Lesetipp: Traumjobs in der IT- und Spielebranche
"Bedenkt man das rasante Wachstum der Gaming-Branche und die steigende Bedeutung des Klimaschutzes in der Gesellschaft, führt kein Weg an nachhaltigen IT-Infrastrukturen für die Spieleindustrie vorbei. Auch unsere liebsten Hobbys müssen umweltschonend gestaltet werden", so Röhrs, dessen Unternehmen Cloud&Heat Technologies mit einer Heißwasser-Direktkühlung die Nachnutzung der Abwärme von Rechenzentren zum Heizen von Gebäuden und zur Anbindung an Fern- und Nahwärmenetze ermöglicht und dadurch etwas zur Erreichung dieses Ziel beitragen könnte.

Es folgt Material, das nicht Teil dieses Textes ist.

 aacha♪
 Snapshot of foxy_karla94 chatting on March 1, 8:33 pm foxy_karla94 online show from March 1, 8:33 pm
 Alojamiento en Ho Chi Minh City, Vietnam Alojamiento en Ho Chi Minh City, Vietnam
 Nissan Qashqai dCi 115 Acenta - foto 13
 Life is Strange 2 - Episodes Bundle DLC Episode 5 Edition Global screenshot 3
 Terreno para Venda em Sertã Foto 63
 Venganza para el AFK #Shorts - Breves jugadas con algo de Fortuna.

Bestätigt werden die Ausführungen von Röhrs durch den Stromkonzern Eon. Der hat ausgerechnet, dass moderne Spielekonsolen einen erstaunlichen Energiehunger haben. Während die erste im Jahr 1994 bei einer täglichen Spieldauer von zwei Stunden nur 5,84 kWh jährlich verbrauchte, kamen die die PS 3 mit 137,97 kWh und die PS 4 Pro (119,72 kWh) auf rund das Zwanzigfache.

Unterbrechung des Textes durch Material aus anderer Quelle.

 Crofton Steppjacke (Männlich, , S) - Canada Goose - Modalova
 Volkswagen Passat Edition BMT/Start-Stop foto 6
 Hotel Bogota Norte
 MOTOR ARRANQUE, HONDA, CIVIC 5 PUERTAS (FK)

"Zwar hat sich der Strombedarf der aktuellen Spielekonsolen im Vergleich zu den Gaming-Klassikern aus den 1990er Jahren deutlich erhöht, der Trend geht aber wieder hin zu stromsparenderen Geräten", erklärt E.ON Geschäftsführer Philip Beckmann. "Durch die Verlagerung von Spielen in die Cloud, wie es heute schon bei Filmen und Serien üblich ist, ließe sich der Stromverbrauch der Konsolen deutlich senken", so Beckmann weiter - wobei er sich jedoch nur auf die Privathaushalte bezieht. Dass die Rechnung insgesamt nicht aufgeht, hatte Röhrs ja bereits dargelegt.